▶ _TASK TO CARRY OUT_: Write down, unchanged, the entries from the first line through the line holding "Hey, hello guys, welcome". Include no other line.

▶ _Collected data_:
____
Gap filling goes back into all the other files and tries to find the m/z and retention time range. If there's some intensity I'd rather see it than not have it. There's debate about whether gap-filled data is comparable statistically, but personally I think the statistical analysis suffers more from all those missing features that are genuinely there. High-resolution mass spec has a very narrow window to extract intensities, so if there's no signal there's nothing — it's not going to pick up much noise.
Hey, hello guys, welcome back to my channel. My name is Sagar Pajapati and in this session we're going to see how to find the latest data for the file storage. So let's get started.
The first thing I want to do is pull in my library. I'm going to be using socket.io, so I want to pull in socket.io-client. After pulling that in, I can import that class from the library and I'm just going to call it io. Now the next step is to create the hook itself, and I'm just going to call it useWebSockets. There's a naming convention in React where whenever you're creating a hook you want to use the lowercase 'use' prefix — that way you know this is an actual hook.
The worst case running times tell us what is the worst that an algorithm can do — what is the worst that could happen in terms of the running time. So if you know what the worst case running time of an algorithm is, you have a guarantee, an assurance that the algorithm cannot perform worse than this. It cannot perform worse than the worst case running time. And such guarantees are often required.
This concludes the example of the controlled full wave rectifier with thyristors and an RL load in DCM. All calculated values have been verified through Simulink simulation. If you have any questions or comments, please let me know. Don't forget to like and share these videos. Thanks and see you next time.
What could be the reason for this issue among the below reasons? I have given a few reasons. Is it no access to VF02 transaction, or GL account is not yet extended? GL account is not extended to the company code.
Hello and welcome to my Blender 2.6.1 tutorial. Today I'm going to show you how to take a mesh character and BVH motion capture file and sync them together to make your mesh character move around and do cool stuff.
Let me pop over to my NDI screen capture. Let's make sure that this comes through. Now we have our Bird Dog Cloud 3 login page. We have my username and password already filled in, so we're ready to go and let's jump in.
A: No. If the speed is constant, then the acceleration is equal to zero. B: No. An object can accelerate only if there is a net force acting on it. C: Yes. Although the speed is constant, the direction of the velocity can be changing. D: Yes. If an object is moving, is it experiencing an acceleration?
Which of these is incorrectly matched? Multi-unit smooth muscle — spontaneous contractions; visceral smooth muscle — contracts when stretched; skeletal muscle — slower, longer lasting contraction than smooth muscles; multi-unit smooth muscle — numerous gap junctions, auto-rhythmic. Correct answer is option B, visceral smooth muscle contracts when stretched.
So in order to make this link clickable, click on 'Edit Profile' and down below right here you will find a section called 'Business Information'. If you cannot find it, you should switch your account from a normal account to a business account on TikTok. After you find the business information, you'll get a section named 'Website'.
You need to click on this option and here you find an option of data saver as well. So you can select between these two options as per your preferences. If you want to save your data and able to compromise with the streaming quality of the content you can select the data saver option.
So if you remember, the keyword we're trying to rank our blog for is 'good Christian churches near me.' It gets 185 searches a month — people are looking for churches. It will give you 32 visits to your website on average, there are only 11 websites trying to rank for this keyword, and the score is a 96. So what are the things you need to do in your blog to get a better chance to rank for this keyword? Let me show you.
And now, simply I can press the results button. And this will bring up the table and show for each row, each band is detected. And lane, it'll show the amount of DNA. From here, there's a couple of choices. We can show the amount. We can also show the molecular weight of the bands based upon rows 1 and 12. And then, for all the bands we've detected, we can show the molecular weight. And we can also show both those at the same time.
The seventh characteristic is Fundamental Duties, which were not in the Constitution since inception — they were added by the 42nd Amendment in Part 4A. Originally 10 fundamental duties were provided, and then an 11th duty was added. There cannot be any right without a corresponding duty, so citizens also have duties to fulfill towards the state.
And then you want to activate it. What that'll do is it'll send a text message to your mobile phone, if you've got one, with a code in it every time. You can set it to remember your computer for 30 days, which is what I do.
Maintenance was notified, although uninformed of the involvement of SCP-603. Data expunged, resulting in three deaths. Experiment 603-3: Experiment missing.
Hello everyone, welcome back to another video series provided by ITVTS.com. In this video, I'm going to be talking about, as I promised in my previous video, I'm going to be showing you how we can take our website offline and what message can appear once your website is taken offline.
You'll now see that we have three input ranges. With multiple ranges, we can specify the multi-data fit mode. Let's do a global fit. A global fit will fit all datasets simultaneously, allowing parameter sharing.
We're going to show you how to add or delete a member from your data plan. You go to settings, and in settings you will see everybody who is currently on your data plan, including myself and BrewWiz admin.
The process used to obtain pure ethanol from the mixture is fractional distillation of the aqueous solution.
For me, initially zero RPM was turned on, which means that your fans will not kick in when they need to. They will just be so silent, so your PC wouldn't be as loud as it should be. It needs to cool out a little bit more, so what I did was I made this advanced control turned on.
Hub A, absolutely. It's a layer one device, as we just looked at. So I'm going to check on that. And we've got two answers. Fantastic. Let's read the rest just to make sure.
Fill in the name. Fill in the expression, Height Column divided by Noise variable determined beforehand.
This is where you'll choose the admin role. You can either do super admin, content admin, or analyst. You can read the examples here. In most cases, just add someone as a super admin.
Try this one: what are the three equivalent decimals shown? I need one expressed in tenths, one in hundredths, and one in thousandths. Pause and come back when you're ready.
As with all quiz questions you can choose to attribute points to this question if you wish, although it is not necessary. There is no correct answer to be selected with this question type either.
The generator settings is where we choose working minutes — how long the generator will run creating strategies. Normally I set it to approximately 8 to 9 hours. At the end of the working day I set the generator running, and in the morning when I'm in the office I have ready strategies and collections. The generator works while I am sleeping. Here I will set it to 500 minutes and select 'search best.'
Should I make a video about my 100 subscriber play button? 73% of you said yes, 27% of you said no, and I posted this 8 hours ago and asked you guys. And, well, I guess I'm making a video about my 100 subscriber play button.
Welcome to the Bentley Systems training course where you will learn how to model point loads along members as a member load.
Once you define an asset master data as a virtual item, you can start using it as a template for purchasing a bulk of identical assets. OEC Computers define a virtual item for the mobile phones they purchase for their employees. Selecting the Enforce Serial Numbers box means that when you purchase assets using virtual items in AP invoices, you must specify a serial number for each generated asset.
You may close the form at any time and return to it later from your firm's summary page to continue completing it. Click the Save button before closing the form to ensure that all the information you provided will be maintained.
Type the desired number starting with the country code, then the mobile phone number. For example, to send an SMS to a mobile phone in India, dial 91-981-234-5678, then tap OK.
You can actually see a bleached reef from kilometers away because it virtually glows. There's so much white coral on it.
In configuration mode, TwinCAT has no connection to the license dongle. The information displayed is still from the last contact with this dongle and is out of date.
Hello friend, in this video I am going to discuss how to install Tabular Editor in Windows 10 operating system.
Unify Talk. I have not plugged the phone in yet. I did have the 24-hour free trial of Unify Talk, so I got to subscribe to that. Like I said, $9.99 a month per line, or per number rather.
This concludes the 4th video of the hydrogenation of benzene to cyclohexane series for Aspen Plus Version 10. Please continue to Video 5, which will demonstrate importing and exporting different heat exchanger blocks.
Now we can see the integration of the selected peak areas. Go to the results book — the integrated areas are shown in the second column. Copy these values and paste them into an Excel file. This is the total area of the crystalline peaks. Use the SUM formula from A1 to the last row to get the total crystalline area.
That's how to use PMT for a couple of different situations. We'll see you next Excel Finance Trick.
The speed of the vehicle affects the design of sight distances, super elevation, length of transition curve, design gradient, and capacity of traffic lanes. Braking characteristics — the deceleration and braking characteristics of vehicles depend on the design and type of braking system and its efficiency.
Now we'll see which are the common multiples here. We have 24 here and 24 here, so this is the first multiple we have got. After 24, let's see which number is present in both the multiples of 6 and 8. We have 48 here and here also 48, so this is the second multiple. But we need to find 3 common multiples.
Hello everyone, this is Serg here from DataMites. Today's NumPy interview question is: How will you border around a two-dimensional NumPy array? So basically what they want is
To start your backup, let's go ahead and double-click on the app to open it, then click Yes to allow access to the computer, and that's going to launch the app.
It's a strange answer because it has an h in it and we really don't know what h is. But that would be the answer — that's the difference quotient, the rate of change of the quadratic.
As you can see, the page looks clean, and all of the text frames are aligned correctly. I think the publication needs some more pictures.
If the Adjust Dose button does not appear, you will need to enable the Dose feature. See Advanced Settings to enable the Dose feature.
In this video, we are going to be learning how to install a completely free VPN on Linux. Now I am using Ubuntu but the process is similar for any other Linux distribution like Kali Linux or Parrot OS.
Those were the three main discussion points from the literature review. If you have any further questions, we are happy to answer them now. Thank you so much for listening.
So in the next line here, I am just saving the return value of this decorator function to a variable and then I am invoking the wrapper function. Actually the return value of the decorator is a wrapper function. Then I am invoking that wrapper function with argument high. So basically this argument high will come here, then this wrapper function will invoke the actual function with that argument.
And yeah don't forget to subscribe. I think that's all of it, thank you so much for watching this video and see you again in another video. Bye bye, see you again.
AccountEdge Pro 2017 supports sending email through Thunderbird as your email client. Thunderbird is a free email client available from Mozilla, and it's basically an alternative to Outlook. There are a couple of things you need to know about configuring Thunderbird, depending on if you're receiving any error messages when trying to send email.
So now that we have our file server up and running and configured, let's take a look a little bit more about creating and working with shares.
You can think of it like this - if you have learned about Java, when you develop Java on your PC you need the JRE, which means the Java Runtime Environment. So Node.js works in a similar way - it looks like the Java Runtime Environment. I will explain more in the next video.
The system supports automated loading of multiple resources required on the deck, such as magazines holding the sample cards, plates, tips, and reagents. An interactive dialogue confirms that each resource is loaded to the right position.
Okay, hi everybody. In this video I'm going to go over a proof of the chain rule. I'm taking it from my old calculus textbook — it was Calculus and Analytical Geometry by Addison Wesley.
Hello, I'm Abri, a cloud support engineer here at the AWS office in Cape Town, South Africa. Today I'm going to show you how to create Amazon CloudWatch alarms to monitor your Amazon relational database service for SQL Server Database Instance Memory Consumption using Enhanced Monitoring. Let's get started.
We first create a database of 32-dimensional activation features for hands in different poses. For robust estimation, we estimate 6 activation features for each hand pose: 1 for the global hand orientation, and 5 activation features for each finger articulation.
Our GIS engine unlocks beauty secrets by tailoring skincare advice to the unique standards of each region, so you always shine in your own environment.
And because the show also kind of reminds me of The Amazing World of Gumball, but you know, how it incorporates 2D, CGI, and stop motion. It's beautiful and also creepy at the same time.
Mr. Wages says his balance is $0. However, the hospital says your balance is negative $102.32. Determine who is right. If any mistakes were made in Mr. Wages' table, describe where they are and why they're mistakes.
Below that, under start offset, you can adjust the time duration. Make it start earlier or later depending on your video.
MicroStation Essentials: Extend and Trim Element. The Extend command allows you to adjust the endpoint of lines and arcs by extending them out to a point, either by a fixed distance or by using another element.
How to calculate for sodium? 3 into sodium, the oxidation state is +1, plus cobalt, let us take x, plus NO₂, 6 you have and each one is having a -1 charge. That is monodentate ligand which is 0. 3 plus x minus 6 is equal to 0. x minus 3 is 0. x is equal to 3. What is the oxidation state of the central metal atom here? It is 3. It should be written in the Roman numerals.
____
▶ _WRITTEN SOLUTION_:
Gap filling goes back into all the other files and tries to find the m/z and retention time range. If there's some intensity I'd rather see it than not have it. There's debate about whether gap-filled data is comparable statistically, but personally I think the statistical analysis suffers more from all those missing features that are genuinely there. High-resolution mass spec has a very narrow window to extract intensities, so if there's no signal there's nothing — it's not going to pick up much noise.
Hey, hello guys, welcome back to my channel. My name is Sagar Pajapati and in this session we're going to see how to find the latest data for the file storage. So let's get started.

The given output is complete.